The QFCRA is one of three regulators that will be amalgamated into the new single regulator when Qatar’s Council of Ministers gives its approval in September or October. It will merge with the Qatar Financial Market Authority, which regulates the Doha Securities Market, and the supervision division of Qatar Central Bank.

Just one rogue trader has been prosecuted and imprisoned under Qatar’s existing rules for market abuse in recent years. Thorpe says the failure by Qatar’s incumbent regulators to detect and punish abuse is undermining confidence in the markets. “It does not give me any confidence and it does not give most investors confidence,” he says. “Part of it is a lack of laws and regulations that allow regulators to do very much [to stop it].”
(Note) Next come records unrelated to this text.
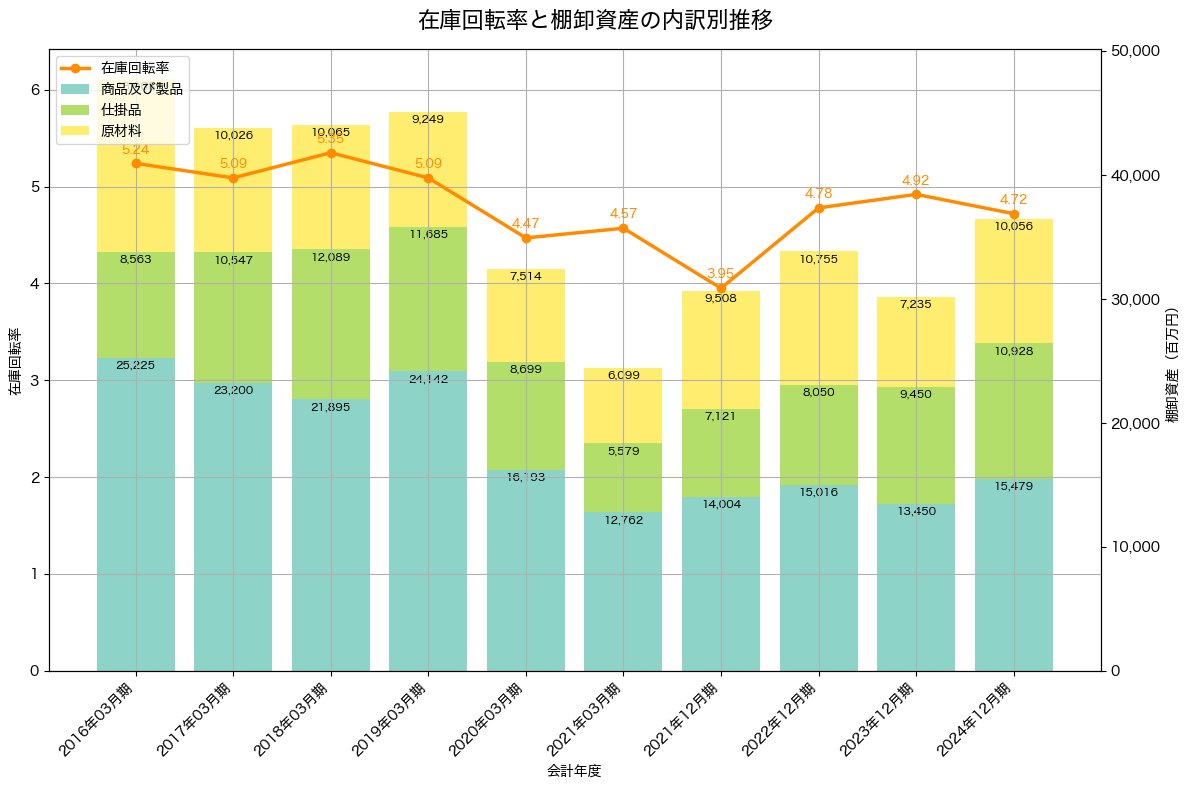 棚卸資産と在庫回転率の推移グラフ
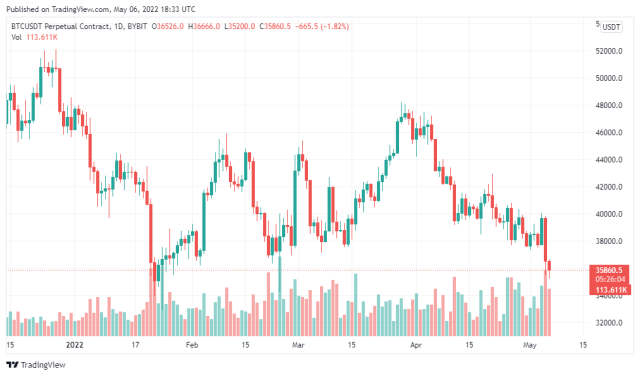 Bitcoin Price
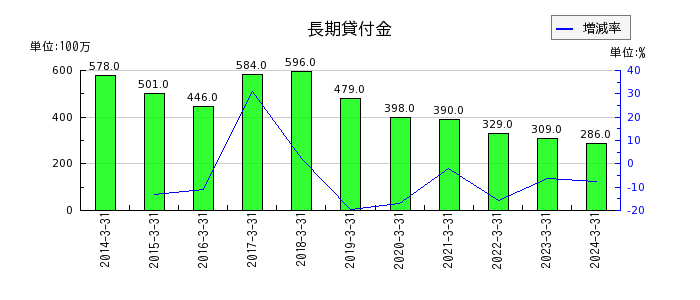 橋本総業ホールディングスの長期貸付金の推移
Following approval from the Council of Ministers, the single regulator will need two to three years to bring the entire financial services sector under a single set of rules and regulations. “It does take some time for enforcement action to get up and running,” says Thorpe. “There has been a lack of enforcement staff for detection and then enforcement action at the three regulators.”

The single regulator will reduce overlap between authorities, reducing staff numbers but, Thorpe says, it will be more effective at regulating financial markets. But he adds the regulator will need the support of the courts if it is to succeed.

According to Thorpe, the Qatari courts are as much to blame for the failure to prosecute rogue traders as the three regulators. “If you are taking these prosecutions through on a criminal basis then you need courts that understand these issues. What we have also found is that many of the domestic laws are not well suited to prosecutions for market abuse,” he says.

The QFCRA, which regulates companies located in the Qatar Financial Centre, has already set up its own court to enforce its regulatory decisions, as a means of bypassing Qatar’s existing criminal courts. The commercial court, which has no criminal jurisdiction, will probably be used by the single regulator to enforce its rulings.

The QFCRA has already modernised its rulebook by borrowing rules and practices from the UK’s Financial Services Authority.

Other regulators have also moved their systems in line with international standards. The Qatar Central Bank follows the Basel II banking regulations, which are used by most international banks, and the Qatar Financial Markets Authority has started to adopt the rules laid down by the International Organisation for Securities Commissions.